The problem. Set down each of the records below exactly as it reads. No pictures go into the copy.

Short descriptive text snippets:
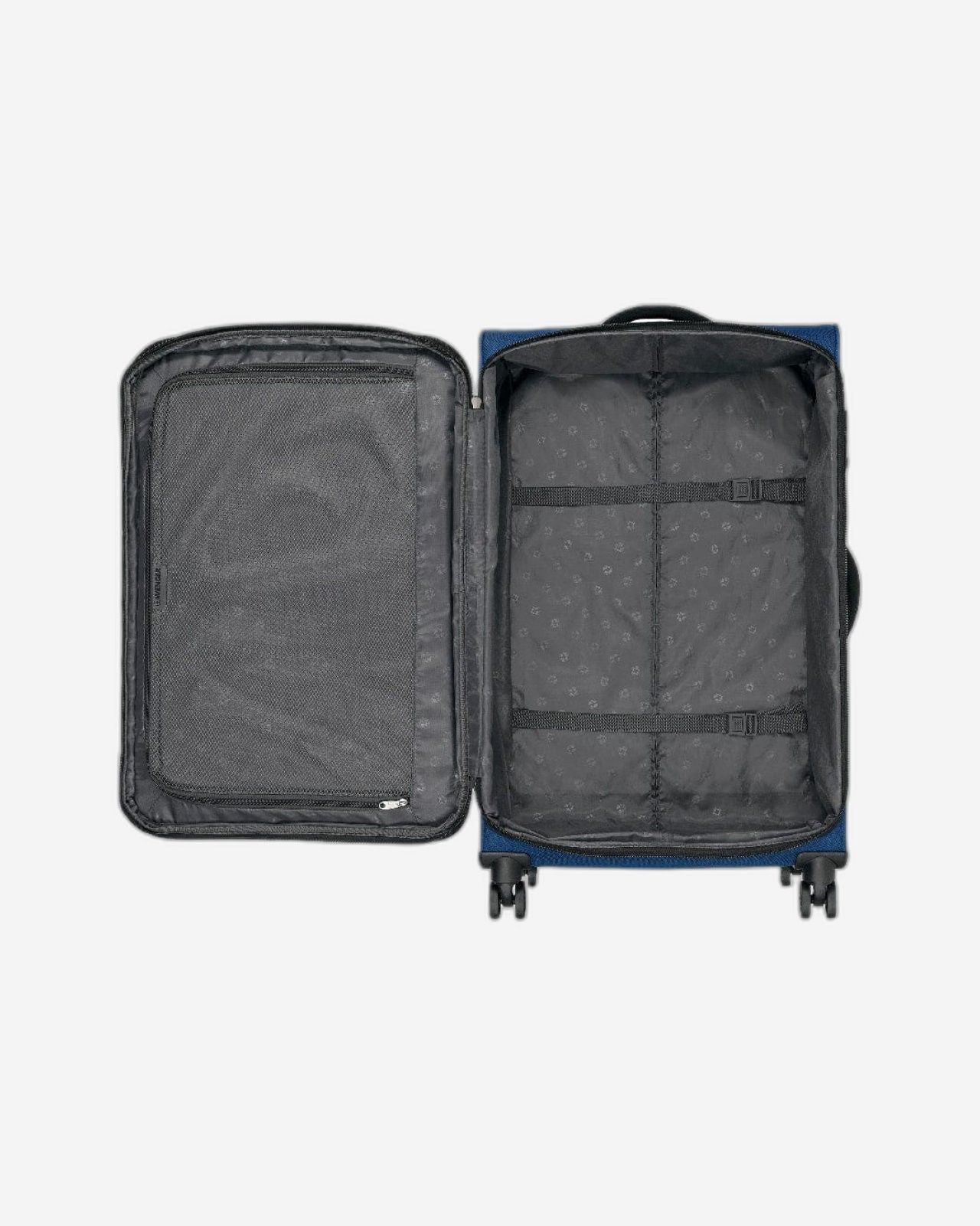 Wenger Beaumont Lite (Expandable)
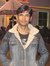 Vikash ...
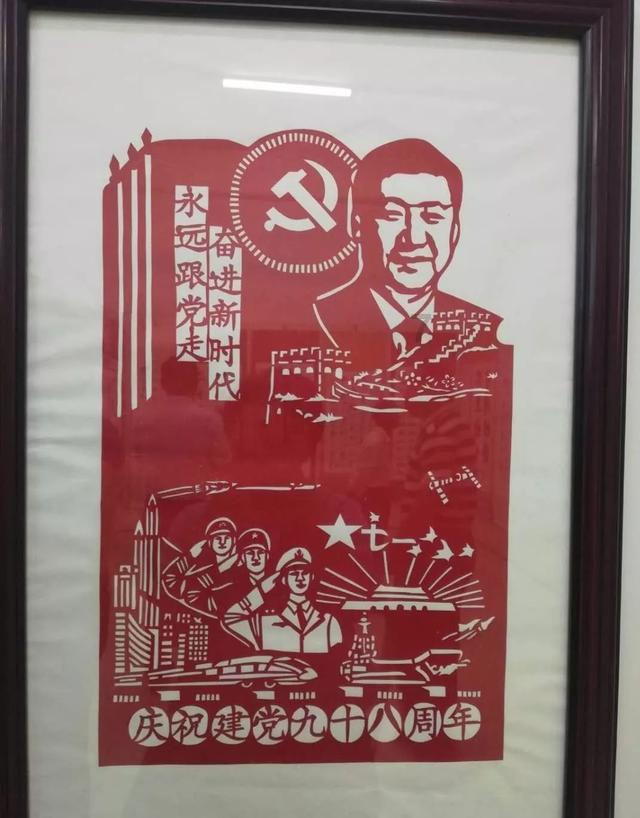 兰州爱尔眼科韦萍院长:年轻人别不把青光眼当回事!青光眼有什么症状?
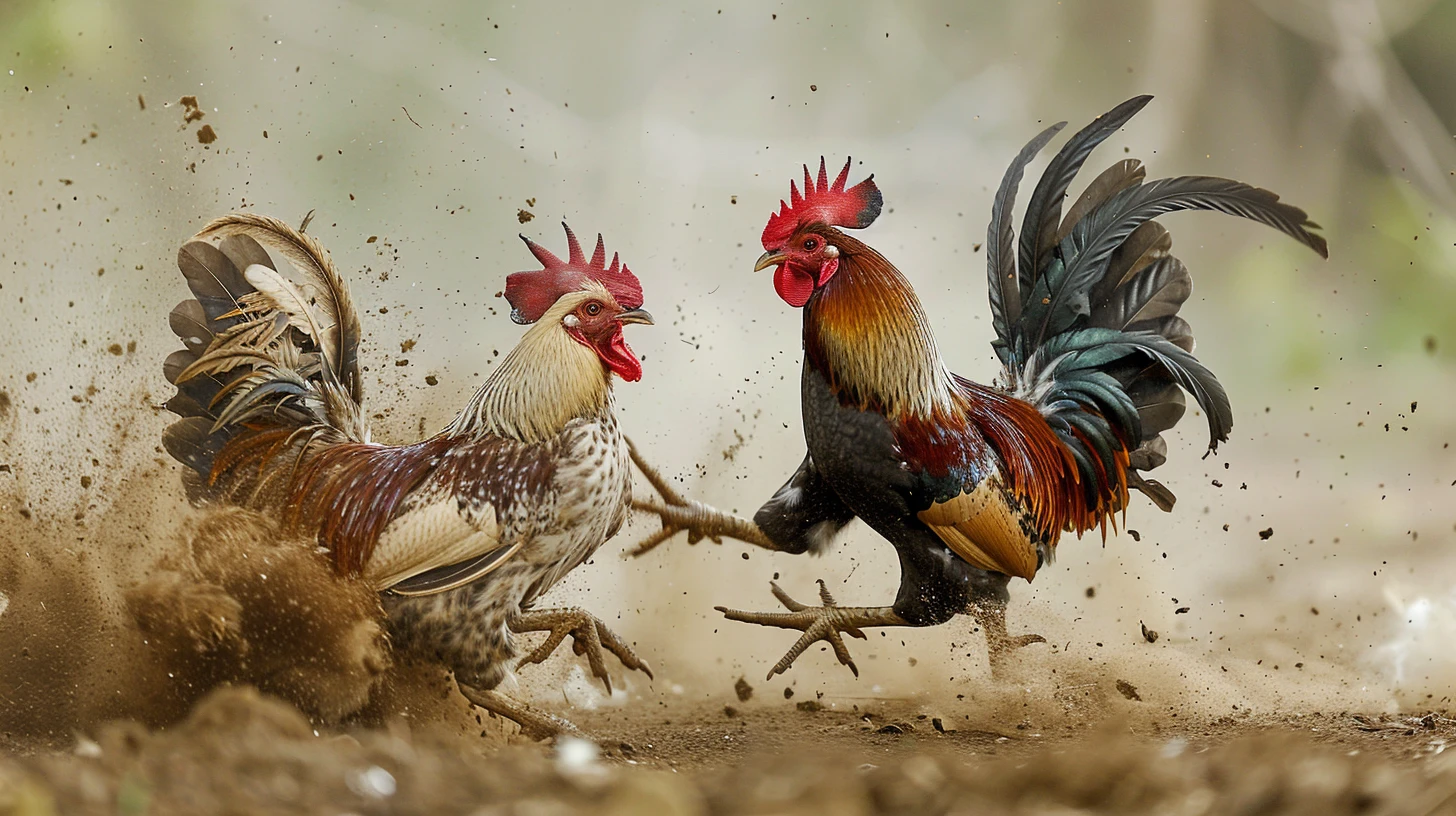 Khám Phá J88: Điểm Đến Hàng Đầu Cho Người Đam Mê Bóng Đá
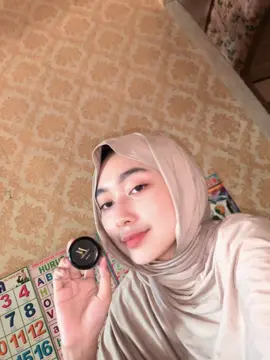 Lagi buat vinedaaa gabisa aku jauh2 dari @VINEDA'skin @Adelia Sulistyowati @bestbeautyshop96 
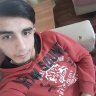 Firatssahin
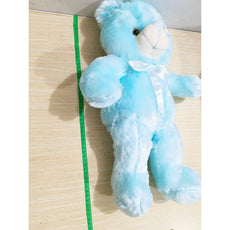 50cm Creative Light Up LED Teddy Bear - Puritific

Response box.
 Wenger Beaumont Lite (Expandable)
 Vikash ...
 兰州爱尔眼科韦萍院长:年轻人别不把青光眼当回事!青光眼有什么症状?
 Khám Phá J88: Điểm Đến Hàng Đầu Cho Người Đam Mê Bóng Đá
 Lagi buat vinedaaa gabisa aku jauh2 dari @VINEDA'skin @Adelia Sulistyowati @bestbeautyshop96 
 Firatssahin
 50cm Creative Light Up LED Teddy Bear - Puritific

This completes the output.